# subtitle_dataframes
We can populate two dataframes containing various information on subtitles. One will focus on the actual subtitles and features we can extract from them. The other will focus on actual sentences, for NLP analysis. This second dataframe is necessary because certain pieces of dialogue, like very long sentences, may span multiple subtitle objects.

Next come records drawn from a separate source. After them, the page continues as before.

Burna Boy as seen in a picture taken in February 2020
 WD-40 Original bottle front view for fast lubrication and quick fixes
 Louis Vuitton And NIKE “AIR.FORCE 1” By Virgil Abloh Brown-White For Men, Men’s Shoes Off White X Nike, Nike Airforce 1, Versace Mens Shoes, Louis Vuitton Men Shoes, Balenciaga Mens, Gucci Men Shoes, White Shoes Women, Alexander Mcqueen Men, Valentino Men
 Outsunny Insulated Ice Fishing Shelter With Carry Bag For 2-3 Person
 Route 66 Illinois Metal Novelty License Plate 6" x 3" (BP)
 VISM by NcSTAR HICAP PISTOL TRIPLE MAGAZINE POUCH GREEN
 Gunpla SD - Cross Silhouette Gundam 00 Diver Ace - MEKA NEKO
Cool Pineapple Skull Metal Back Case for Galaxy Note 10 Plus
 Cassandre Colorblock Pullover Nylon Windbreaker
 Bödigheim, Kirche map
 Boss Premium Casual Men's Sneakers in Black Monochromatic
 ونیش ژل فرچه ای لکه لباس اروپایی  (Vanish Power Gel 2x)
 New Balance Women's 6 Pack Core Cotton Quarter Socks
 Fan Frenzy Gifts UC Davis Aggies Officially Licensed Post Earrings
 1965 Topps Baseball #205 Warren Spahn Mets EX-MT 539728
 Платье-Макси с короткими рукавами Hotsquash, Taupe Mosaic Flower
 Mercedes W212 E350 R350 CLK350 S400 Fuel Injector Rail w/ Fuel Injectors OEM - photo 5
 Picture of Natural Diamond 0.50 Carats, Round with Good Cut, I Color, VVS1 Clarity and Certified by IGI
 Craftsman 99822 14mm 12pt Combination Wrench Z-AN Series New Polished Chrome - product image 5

We start with an example from *Before Sunrise* (1995), a romance consisting entirely of naturalistic dialogue between two characters falling in love.

In [1]:
import pysrt
import spacy
import pandas as pd
import datetime
from subtitle_cleaning_io import *
from subtitle_dataframes_io import *
from subtitle_auxiliary_io import *
from phrases_io import *
import spacy

pd.set_option('display.max_colwidth', None)
nlp = spacy.load('en')

In [2]:
subs = pysrt.open('../subtitles/before_sunrise.srt')
subs.insert(0, subs[0])

# Raw DataFrame
As an example before we get to the main DataFrames, we'll create a raw DataFrame with basic subtitle information.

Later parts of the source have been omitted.